Using "generic technology" originating from the Molyneux's Milo project, the seated skeletal tracking system could well be the biggest breakthrough in motion tracked gameplay since Kinect first launched.

"With Forza you had to sit slightly on the edge of your seat. But they were a year ago, so we've got an extra year on that," explained Carr. "In Journey you can slouch. It doesn't worry that you have your coffee table over there, you don't have to clear space. That was an important step change: people don't have to re-jig their living space.
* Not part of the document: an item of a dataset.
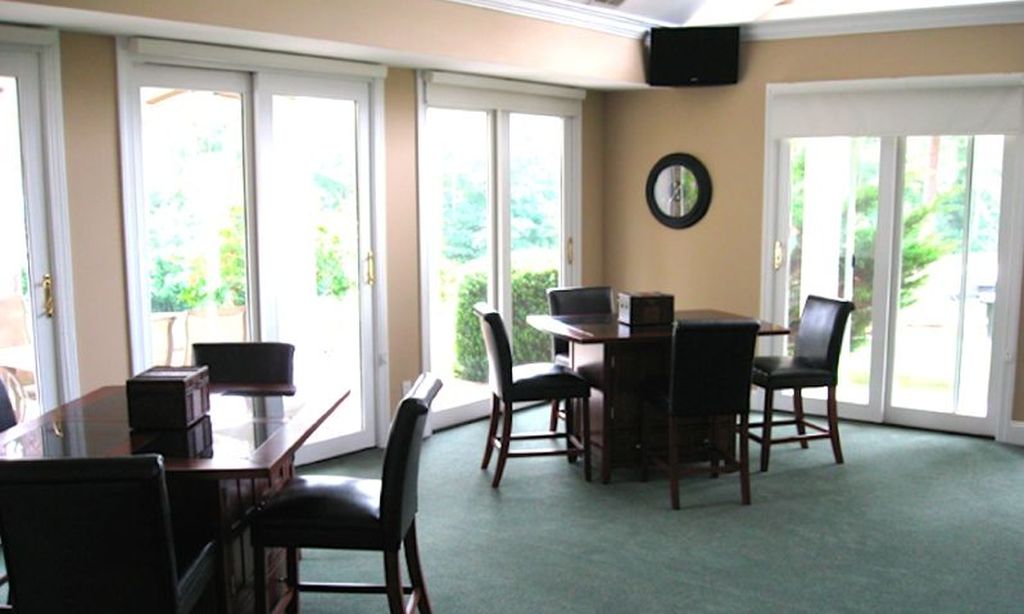 Poolside Cabana/Hospitality Suite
When you look at houses here in Guildford, England or in Japan where the living spaces are tiny, you need to offer the ability to sit down, which is a concept that came from Milo."

He continued: "I think that with Kinect there are going to be some step changes that will make the games come through. And one of those things is seated gameplay.

"I think a lot of developers were just waiting for that kind of technology. It's easier for us to develop it because we're first party, we've got Microsoft supporting us. It's not fair on third parties to write this kind of technology. It takes time and it's probably taken us the best part of two and a half years to write it.

"Now I think once this is released back to the industry, we'll just see lots of long-play games where you can sit down and play."

Fable: The Journey will be released September 4.

As a departure from the Fable formula, The Journey certainly has its critics, but if seated Kinect gameplay can be integrated without issue it could usher in a new era of Kinect-assisted gaming from the comfort of a sofa - a prospect much more appealing to the hardcore gamer.